A 4x12 limited space tab is a completely different animal. Than a 9x12.

Yes the more tab surface you have in the water the more lift is achieved.

The angle of deployment on a 9x12 with a standard hieght actuator is at 21° The actuator is mounted in the center of the tab.

With a 4x12 the actuator is at a smaller angle due to the shorter depth of the tab. The tab will drop into the water well past the 21° a standard tab does which will make up for the lack of tab surface area in the water.

Sea Hunt boat (heavy fiberglass off shore boat) installs a 4x12 at the factory for boats up to 24'

I'm not saying that it will produce better than a 9x12 but if you have limited space a 4x12 will a least get you into a tab. I would think the 9x12 is definitely better at slower speeds.
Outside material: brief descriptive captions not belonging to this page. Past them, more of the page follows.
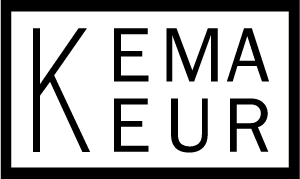 Kema Keur logo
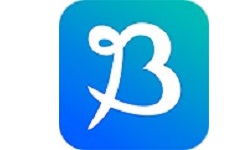 比优心理电脑版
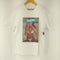 ゴッドセレクショントリプルエックス GOD SELECTION XXX S/S TEE メンズ JPN:L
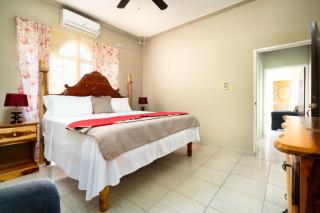 Cozy Locale - Gold - Port Antonio - 8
If I had the room I would have 9x12's on my fishmaster. But I dont..


----------



## Kwall (Feb 12, 2014)

My boat will list to one side because of weight, I barely touch that side it levels that side fast, when it ruff out push the bow down, it cuts the waves without a lot of pounding


----------



## eyedreamn (Jun 12, 2011)

K wall can you do one more pic looking straight back at the transom. If not no biggie. I may do them. Thank you!


----------



## Kwall (Feb 12, 2014)

Pic


----------



## jdoaks (Jul 2, 2011)

kwall are you happy with location of the rocker?


----------



## Kwall (Feb 12, 2014)

Ya there was a hole there already, so I didn't have to do much drilling


----------



## jdoaks (Jul 2, 2011)

thanks for your help


----------